## SOURCE DATA
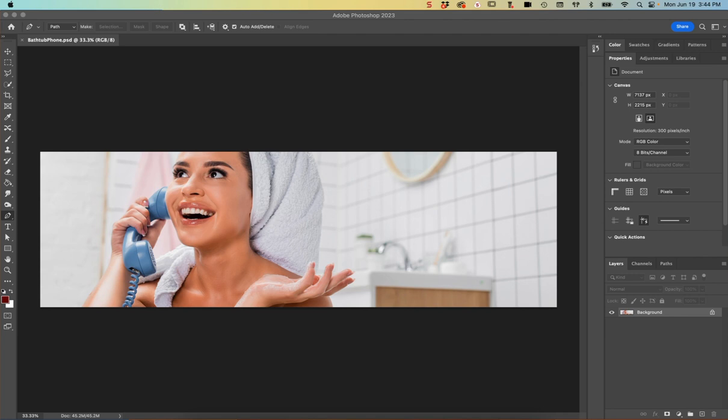Hi Photoshoppers, this is Rebecca and today I'm going to show you how to make a Paul Rand inspired image. When shooting for this project, make sure that your model isn't wearing anything that's going to give away that she's not from the mid-century. For this image she has a towel on her head and an older style phone instead of a cell phone, so she's going to work out perfectly.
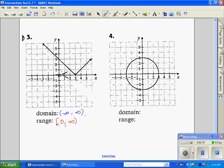Next, our circle — it goes as far left as negative 3 and as far right as positive 3, so the domain is negative 3 to positive 3. Our range is our y values: the bottom is negative 3 and the top is positive 3, so you get negative 3 to positive 3 on that one as well.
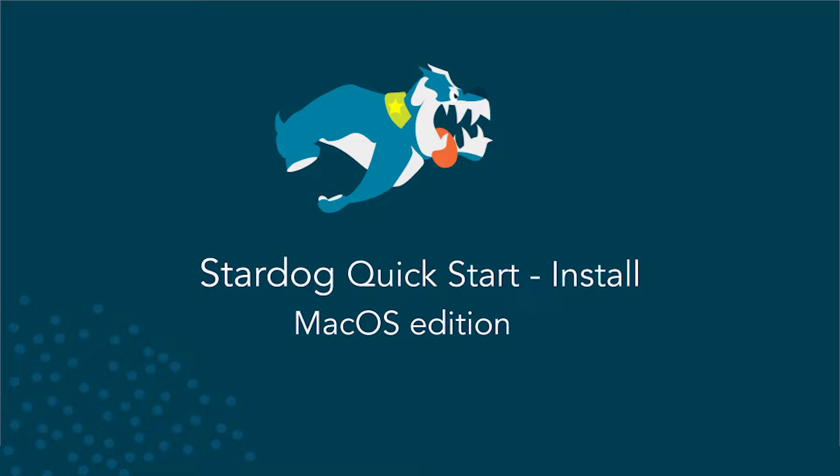Hi, I'm Kendall Clark. Today I'll be walking you through how to install Stardog on a Mac. This short video is part of our quick start series to get you up and running really fast.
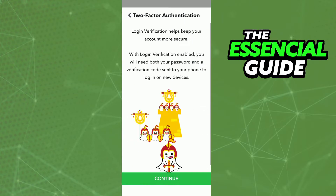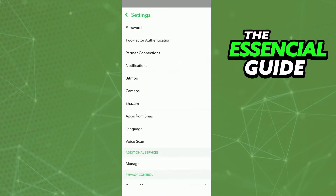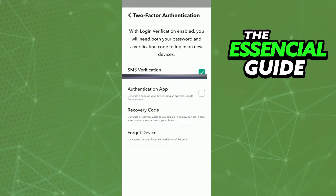I will create a two-factor authentication because I don't have one, and after that you can continue with the tutorial. You go to the settings and click on two-factor authentication and you see that screen here.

## PROBLEM DESCRIPTION
The expected output is an exact copy of the lines from the top of the data above through the line containing "Next, our circle", both included, with every picture omitted.

## OUTPUT BELOW
Hi Photoshoppers, this is Rebecca and today I'm going to show you how to make a Paul Rand inspired image. When shooting for this project, make sure that your model isn't wearing anything that's going to give away that she's not from the mid-century. For this image she has a towel on her head and an older style phone instead of a cell phone, so she's going to work out perfectly.
Next, our circle — it goes as far left as negative 3 and as far right as positive 3, so the domain is negative 3 to positive 3. Our range is our y values: the bottom is negative 3 and the top is positive 3, so you get negative 3 to positive 3 on that one as well.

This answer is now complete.